Harve Bennett, creator of two staples of 1970s television: The Million Dollar Man and The Bionic Woman, borrowed along with co-creator Steven Bochco only the title from H.G. Wells’ story, instead re-naming their invisible protagonist “The KLAE Resource.” In so doing they preserved the potency of the word “Invisible” or the name “Invisible Man” for those timely moments, and affirmed it as a re-imagining of Wells’ story as opposed to an adaptation.
The four disc set contains the feature length pilot and twelve televised episodes of this short lived series. Despite being a child of the eighties and early nineties, this release offered a welcome opportunity to reminisce on the discovery of these classic Universal television shows re-run in my youth on terrestrial television. The set showcases Henry Mancini’s catchy theme, the classic pre-credits preview, freeze frames and fade to black for dramatic effect, all an affectionate reminder of a bygone era in television.
Prior to this release The Invisible Man has been lost in the shadow of other Universal shows but now thankfully it has an opportunity to be both re-discovered and discovered a new.
Cancelled after only twelve episodes, the shows eventual trajectory remains a mystery, delivering only the exploitation of Westin as the “KLAE RESOURCE”, rather than the mix of recovery and services rendered. The point of interest remains the comedic subversion of the tragic and darker overtones of the pilot.

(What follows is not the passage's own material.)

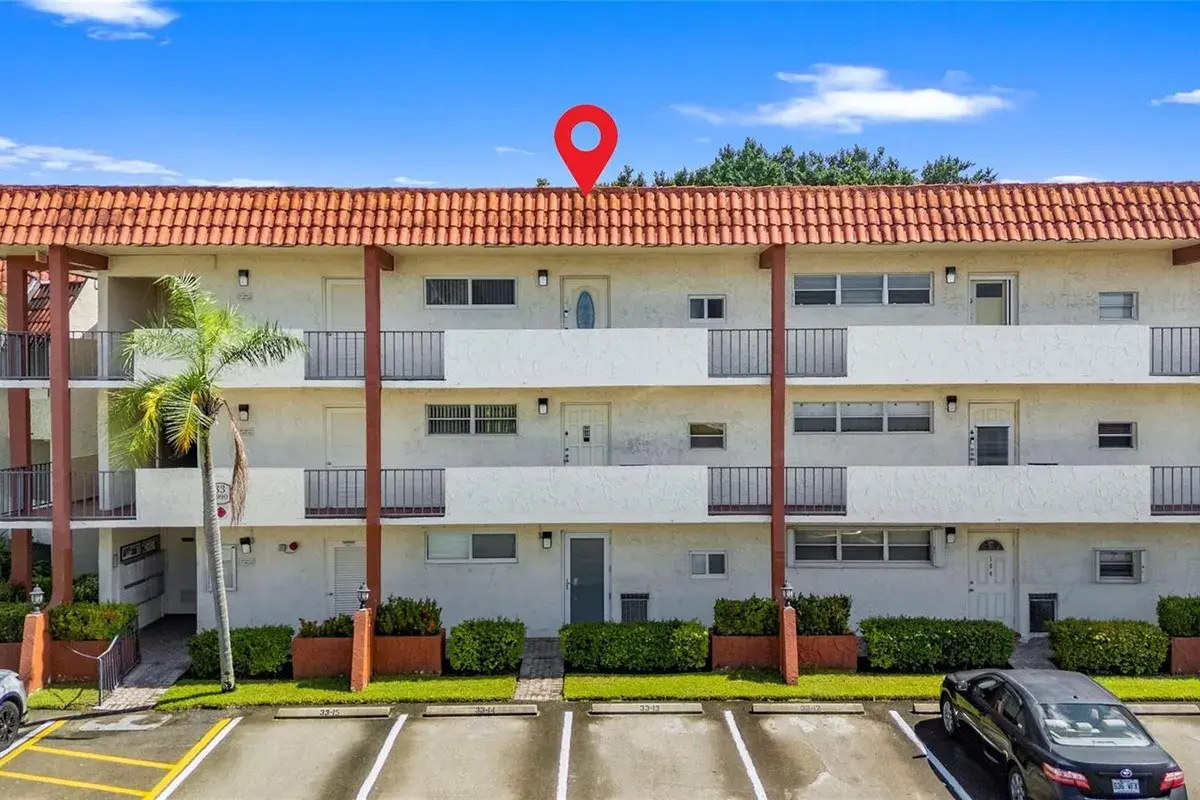 8990 S Hollybrook Boulevard Unit 305, Pembroke Pines FL 33025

The Invisible Man may be most fittingly described as a journey from darkness to light, yet in hindsight the pilot teased with the potential for the show to come full circle and explore Westin’s tragedy. Whilst this would be more in keeping with Wells’ original story; Westin is the sympathetic tragic protagonist in contrast to Wells’ original “Invisible Man.”
Much of the show’s success is owed to the sum of its parts: McCallum and Melinda Fee’s on-screen chemistry, the creative and innovative set-pieces and gags that never feel tired, and the actors, in particular Fee’s versatility to mime. Heavily formulaic, yet full of charm it stands out as a gem of Universal’s Television library. If only they’d finished what they had started.